In der Bundesrepublik ging es so schnell und "einfach" nicht. Das Foto eines Fastnachtsumzugs im badischen Lahr Ende der 40er-Jahre zeigt ein Plakat mit der Aufschrift "Badens schrecklichster Schreck: der Flüchtlingstreck." Das war nicht nur Karnevalsironie, sondern veranschaulicht, dass die Aufnahme der rund acht Millionen Vertriebenen keineswegs spannungsfrei ablief. Es ist ein Verdienst der Ausstellung, keine Schönfärberei zu betreiben und die Integration als Erfolgsgeschichte der Bundesrepublik zu modellieren. Gleichwohl ist das Bemühen erkennbar, gelungene Eingliederungsbeispiele zu zeigen - wie etwa das eines Sanitär-Familienbetriebs aus Breslau, der im niedersächischen Ahaus bei Null anfängt und zum Unternehmen mit Millionenumsatz aufsteigt.

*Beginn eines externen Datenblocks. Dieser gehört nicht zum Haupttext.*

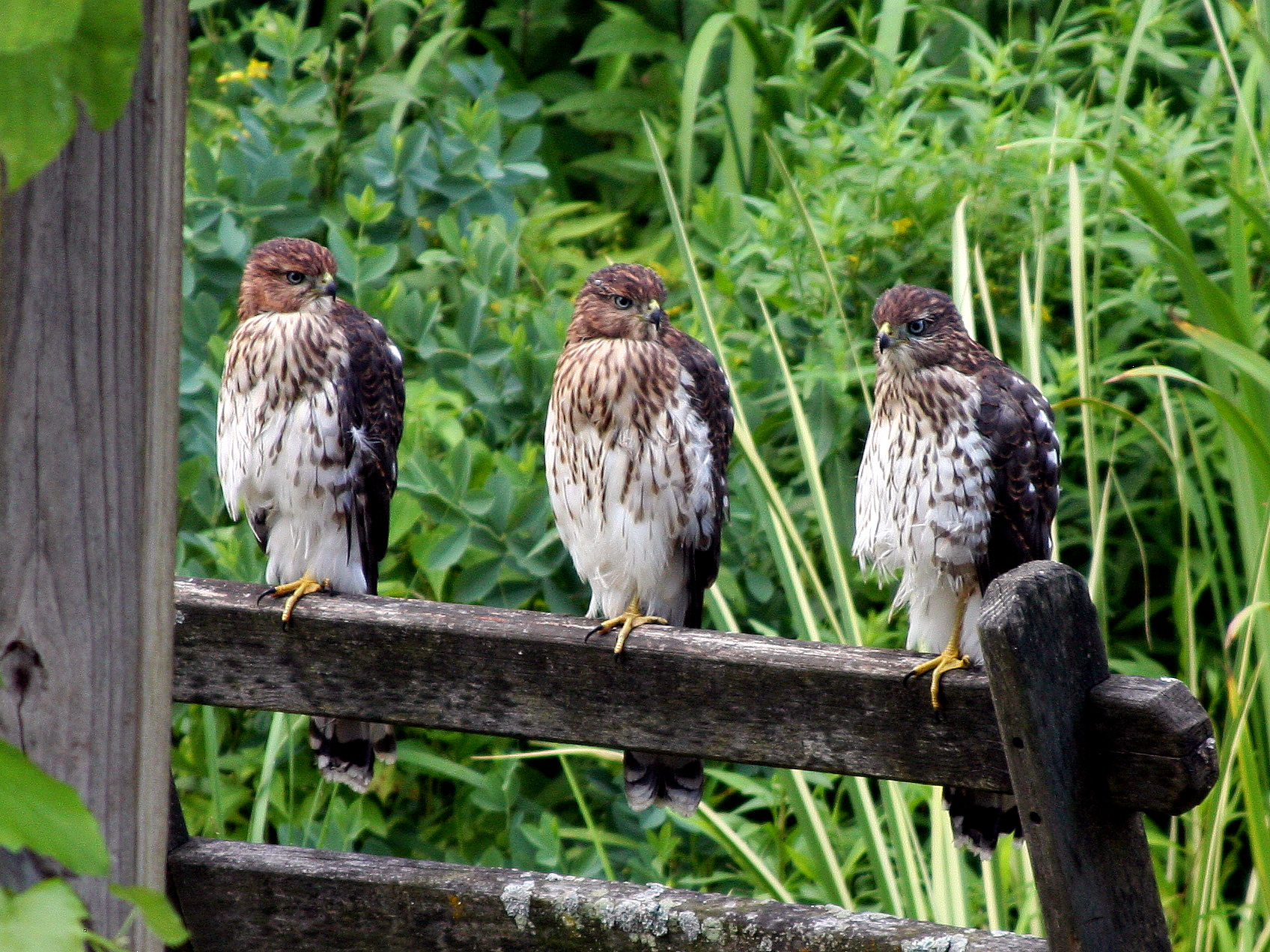 One adult and two juveniles sunning after a bath in the pond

Auch wenn das Thema Vertreibung nach dem Zusammenbruch des Sozialismus, der Regelung der deutschen Ostgrenze im Zuge der Wiedervereinigung an emotionaler Belastung verlor, ist es keineswegs zu einer vernachlässigbaren Größe geworden. Mit den Benes-Dekreten und möglichen Entschädigungszahlungen lässt sich weiter Stimmung machen. Für Projektleiter Hans-Joachim Westholt stehen publizistische Provokationen jedoch in einem eklatanten Gegensatz zu den vielen Versöhnungsinitiativen.
Vertreibung und Integration bleiben Themen mit politischem Sprengstoff. Die Ausstellung hält sich deshalb mit zugespitzten Thesen zurück. Sie bietet aber die Chance zum generationsübergreifenden und internationalen Dialog. Ob die Ausstellung zu einem Ersatz für das umstrittene "Zentrum gegen Vertreibung", so der SPD-Politiker Markus Meckel, wird, bleibt eine offene Frage. Für den Präsidenten der Stiftung Haus der Geschichte, Hermann Schäfer ist sie aber "ein sichtbares und emotionales Angebot", "der erste Versuch und nicht das letzte Wort zu diesem Thema."